Whitney Ranch (1 of 3)
George saw a commercial opportunity when his sons called his attention to the poor quality of California wool and the premiums that Californians were willing to pay for high quality wool imported from Australia. So George consulted with William Wells Hollister who ran Saxony sheep on 150,000 acres near his namesake town in San Benito County. On Hollister’s advice George decided to import Spanish Merino sheep from Australia and crossbreed them with some of Hollister’s Saxonies to get a finer, heavier fleece.
George’s sons decided to join the enterprise and in 1855 or early 1856 George’s oldest son George Whitney Jr., headed for Australia to buy the Merinos.

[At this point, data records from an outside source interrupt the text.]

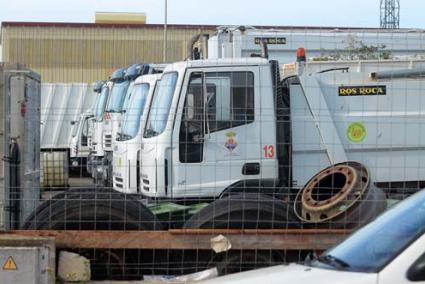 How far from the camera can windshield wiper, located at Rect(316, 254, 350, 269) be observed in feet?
14.2

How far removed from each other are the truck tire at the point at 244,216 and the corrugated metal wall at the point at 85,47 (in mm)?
32437

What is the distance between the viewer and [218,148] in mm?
9359

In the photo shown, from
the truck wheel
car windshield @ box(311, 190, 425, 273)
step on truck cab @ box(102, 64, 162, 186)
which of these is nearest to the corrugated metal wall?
step on truck cab @ box(102, 64, 162, 186)

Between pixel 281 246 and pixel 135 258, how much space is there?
4.82 feet

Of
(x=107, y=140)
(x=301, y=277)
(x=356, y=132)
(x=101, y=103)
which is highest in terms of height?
(x=101, y=103)

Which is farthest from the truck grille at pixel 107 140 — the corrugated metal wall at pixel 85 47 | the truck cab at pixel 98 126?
the corrugated metal wall at pixel 85 47

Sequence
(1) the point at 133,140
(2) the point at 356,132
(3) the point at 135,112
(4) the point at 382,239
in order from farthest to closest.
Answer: (3) the point at 135,112 < (1) the point at 133,140 < (2) the point at 356,132 < (4) the point at 382,239

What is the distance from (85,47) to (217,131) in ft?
109

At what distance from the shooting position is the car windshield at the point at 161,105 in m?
9.65

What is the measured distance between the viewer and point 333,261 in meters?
4.50

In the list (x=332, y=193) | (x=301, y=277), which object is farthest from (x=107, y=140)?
(x=301, y=277)

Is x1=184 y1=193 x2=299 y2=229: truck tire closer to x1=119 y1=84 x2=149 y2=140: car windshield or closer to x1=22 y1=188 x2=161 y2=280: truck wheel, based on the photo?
x1=22 y1=188 x2=161 y2=280: truck wheel

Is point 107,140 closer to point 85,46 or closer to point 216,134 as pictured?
point 216,134

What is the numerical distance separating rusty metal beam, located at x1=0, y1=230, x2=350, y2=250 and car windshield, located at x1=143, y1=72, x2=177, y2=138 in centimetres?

The youngest of the four sons, Joel Parker Whitney, known as Parker then, told his father of the beauty and good agricultural potential of an area in South Placer County that he had passed on his way to a short stint laboring in the Auburn gold mines when he had first arrived in California in 1852 at age 17. In 1856, George Jr. returned from Australia with 120 Merino ewes and the Whitneys hired a herder to run them with a few of Hollister’s Saxony bucks on open rangeland near the place that Parker had identified.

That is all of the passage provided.